ArrayList vs LinkedList

This module shows some short experiments to show various changes and how List selection effects performance. Nothing here will be really new, so you can proceed to the next module and consider this reading optional. However, I feel it’s worth pointing out a few examples of additional changes and how they could affect performance.

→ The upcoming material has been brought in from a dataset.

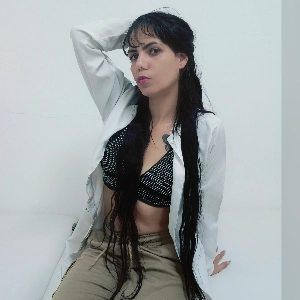 Julia massagista profissional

Building from the example in the last module, lets consider the performance impact if we consider a LinkedList for PointListPath. I will note that, in general, LinkedLists are bad. To show off just how bad LinkedList can be, I wanted to illustrate by making one change to the constructor in PointListPath

    public PointListPath(int initialCapacity) {
        points = new LinkedList<>();
    }

Let’s compare the runtimes of the old PointListPath with an ArrayList vs. the new one with a LinkedList. Note that by its nature, LinkedList cannot “pre-allocate” space. So yes, it’s not a completely fair comparison to not use the “capacity” argument, but that is a limitation of the LinkedList. It’s also bad style that the constructor’s initialCapacity argument is ignored, but fixing it would involve changing the interface, which would change other code, and I wanted to keep this benchmark simple.

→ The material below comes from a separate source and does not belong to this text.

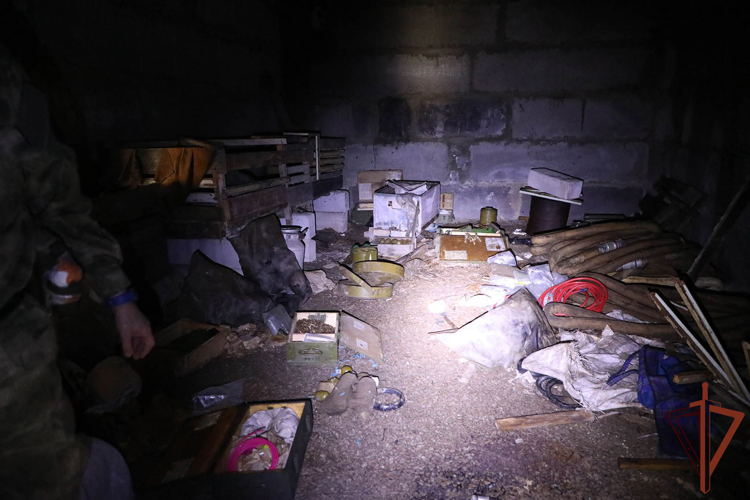 Росгвардия ликвидировала в ЛНР подпольный цех по производству взрывных устройств (видео)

Looking only at the distance with PointListPath

Input Size ArrayList LinkedList
10 0ms 0ms
100 0ms 0ms
1000 0ms 0ms
10000 1ms 59ms
100000 2ms 6061ms
1000000 3ms N/A
10000000 19ms N/A
100000000 199ms N/A

All the N/As are because, after running for 30 minutes on 1 million inputs, I stopped the process and never bothered trying larger sizes. Why is LinkedList so bad? Well, the main reason is that my code simply not implemented to iterate through a LinkedList correctly.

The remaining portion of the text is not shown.